Her new release also includes a sensual departure-all very civilized, of course-in What If We Went to Italy, in which she realizes that if the ancients were lazy like us they'd be too blissed out to paint, to sketch or to sculpt.

Another song, Ideas Are Like Stars, pays homage to Joseph Carroll, a reclusive artist whose rich inner life is conveyed in works now housed at the National Museum of American Art in Washington, D.C., Carpenter's longtime stomping ground. "There's a loneliness in his work and yet an affirming quality that I felt very drawn to."

Her songwriting came first, then performing, which caused her to be "paralyzed with fear" when she first stepped onto the open-mike stages around Washington.

"Performing is like a different muscle, a different food group, a different impulse."

Eventually, the two crafts merged as she began to add her own material to her playlist, "throwing a song in here and there and hoping nobody would notice. Which they didn't."

What tends to be overlooked, she says, is her guitar playing, "which is as much a focus for me as singing." She plays on her albums and plays up to 10 different guitars in concert, mostly due to the individual tunings her songs need.

After an instrumental buildup that began with the bass ukulele she played as a child, she purchased her dream Martin guitar as a college freshman.

"It was an unbelievable rite of passage. I think anybody who plays guitar understands that. I think it cost me $1,100, and it was sort of the pinnacle, especially in the bluegrass circles I was traveling in."

Today, Carpenter, 38, increasingly is branching out. She has written a children's book, Dreamland, and become known as a supporter of human rights organizations.

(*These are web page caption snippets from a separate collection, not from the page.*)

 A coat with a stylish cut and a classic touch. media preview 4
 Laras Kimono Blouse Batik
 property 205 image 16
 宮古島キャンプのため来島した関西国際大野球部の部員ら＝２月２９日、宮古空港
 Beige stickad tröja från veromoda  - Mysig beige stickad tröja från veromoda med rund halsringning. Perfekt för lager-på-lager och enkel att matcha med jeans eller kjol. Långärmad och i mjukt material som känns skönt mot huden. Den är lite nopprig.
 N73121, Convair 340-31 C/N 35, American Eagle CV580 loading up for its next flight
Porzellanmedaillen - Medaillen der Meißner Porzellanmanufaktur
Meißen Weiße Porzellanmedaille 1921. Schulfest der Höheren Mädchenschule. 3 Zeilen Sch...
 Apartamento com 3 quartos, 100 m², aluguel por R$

She's now contemplating an all-acoustic album. Her longtime musical partner and coproducer, John Jennings, who has his own album due in January, "is always kind of kicking me to expand my horizons." And "there's a real satisfaction in doing (outside) projects that kind of "feed the art monster."

Carpenter says she's unable to keep up with the influx of new performers. "I'm unaware; I feel like an old fart. And I can't keep up with pop either."

In fighting the pack, she says, she's luckier than some, since "I've never been able to take radio airplay for granted," whereas some careers are dependent upon radio play.

The new competition, she says, "hopefully will result in really superlative songs and performances. I still believe that a really good song will succeed. You can't keep a good song down."